El clima finisecular de los noventa tuvo, entre tantas cosas, una olla puesta a calentar “a fuego lento” por una nueva camada de tangueros que surgía, y la llama viva que generaban esos dos veteranos que llenaban de magia cada noche de sábado, en dúo o con su mítica formación, el Nuevo Quinteto Real. El epicentro de todo aquello era el Club del Vino, una sala ubicada en Cabrera 4737, del barrio de Palermo.
Eduardo “Cacho” Vázquez había sido el creador de ese negocio que comenzó como una distribuidora de vinos muy bien seleccionados para sus asociados y al poco tiempo se convirtió en un lugar de referencia de la música de Buenos Aires. Fue el artífice del regreso del Quinteto Real de Salgán, en un espectáculo llamado Encuentro a todo tango, que incluía al trío de Néstor Marconi, a cantantes como Nelly Omar o Luis Cardei, al dúo Salgán-De Lío y a la nueva formación del célebre quinteto. A los pocos años, el Club tuvo shows de lunes a domingo, con una oferta musical de lo más variada, incluso hubo ciclos teatrales y de poesía. Del afamado pianista Michel Petrucciani y los ciclos del jazz local a las Veladas criollas de Cristina Banegas, Lidia Borda y Liliana Herrero. De los conciertos de Dino Saluzzi a los espectáculos de Nacha Guevara. De Daniel Melingo a Luis Salinas. El espectro era de lo más amplio.

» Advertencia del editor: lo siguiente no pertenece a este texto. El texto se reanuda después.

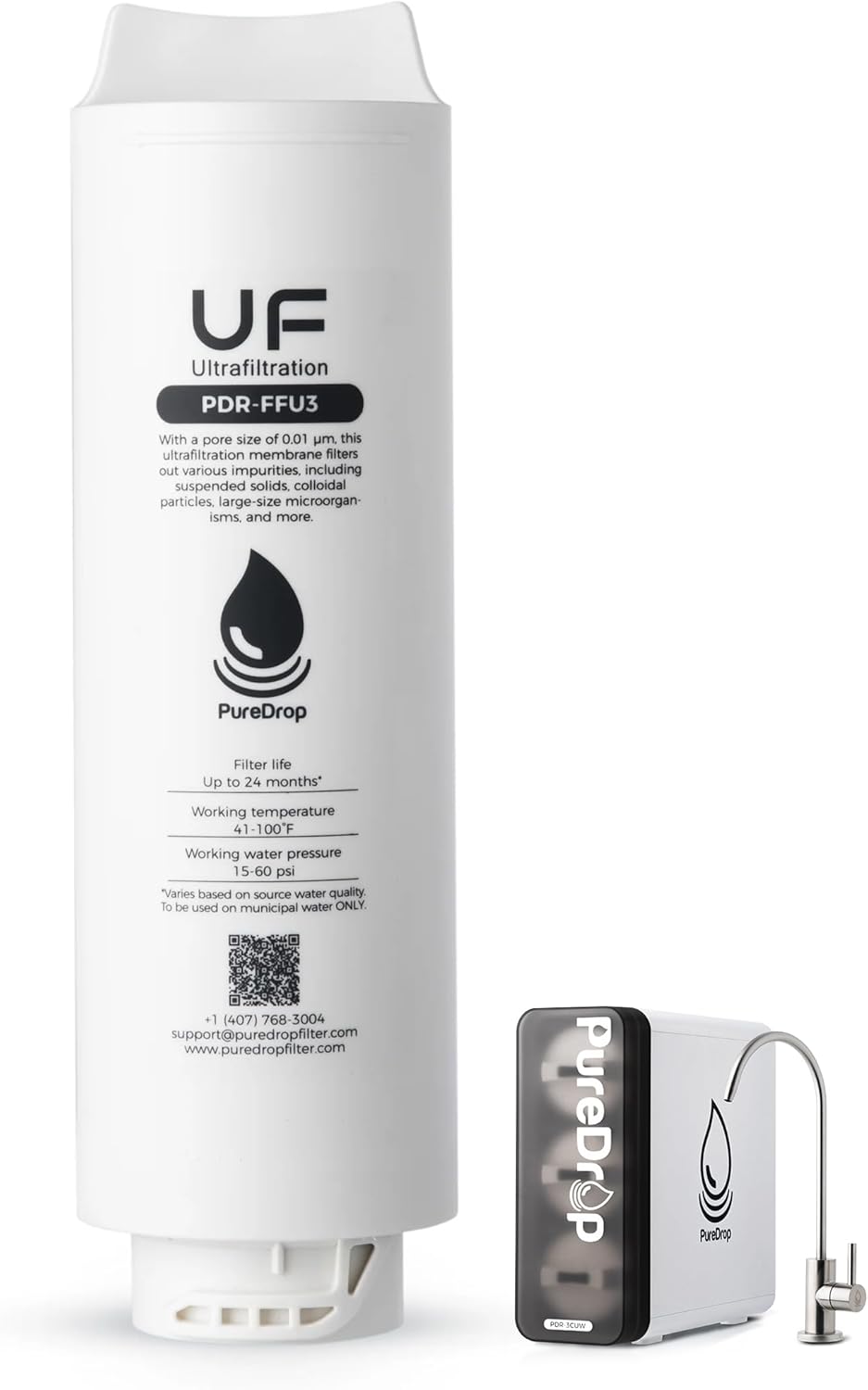 PureDrop PDR-FFU3 0.01μm Ultra-Filtration Membrane Replacement Filter Cartridge for PDR-3CUW Under Sink Water Filter System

Vázquez era el alma de Club del Vino, tanto que su trágica y repentina muerte, el 1° de enero 2000, en un río del Tigre, cambió el destino de este espacio cultural, que años después cerró sus puertas. Sin embargo, cada persona que habla tanto del Club del Vino como de su creador lo hace con una sonrisa en los labios. Así recuerda esos años la actriz Cristina Banegas, pareja de Vázquez: “Fue una época gloriosa. Cacho Vázquez se había propuesto tener el mejor espectáculo de tango de Buenos Aires y lo tenía. Salgán tocaba todos los sábados y cuando Daniel Barenboim venía a Buenos Aires siempre iba a escuchar a Salgán como quien va a misa. Y teníamos un ritual que era cenar con los músicos después del show. Cacho siempre decía que teníamos que poner un micrófono debajo de la mesa para grabarlos, porque contaban muchas anécdotas de nuestros grandes personajes del tango. Anécdotas curiosas, algunas desopilantes. En algún momento Ubaldo pedía que le trajeran la guitarra a la mesa. A él como a mí nos gustaban los tangos viejos. Y fue de esas sobremesas que surgió mi primer disco, con el gran Ubaldo de Lío”. Banegas hace una pausa en el recuerdo y no puede evitar la risa: “Cacho, que fue el que produjo el álbum, decía que recuperar la inversión hubiera sido imposible por la cantidad de dinero que yo había gastado en clases de canto”.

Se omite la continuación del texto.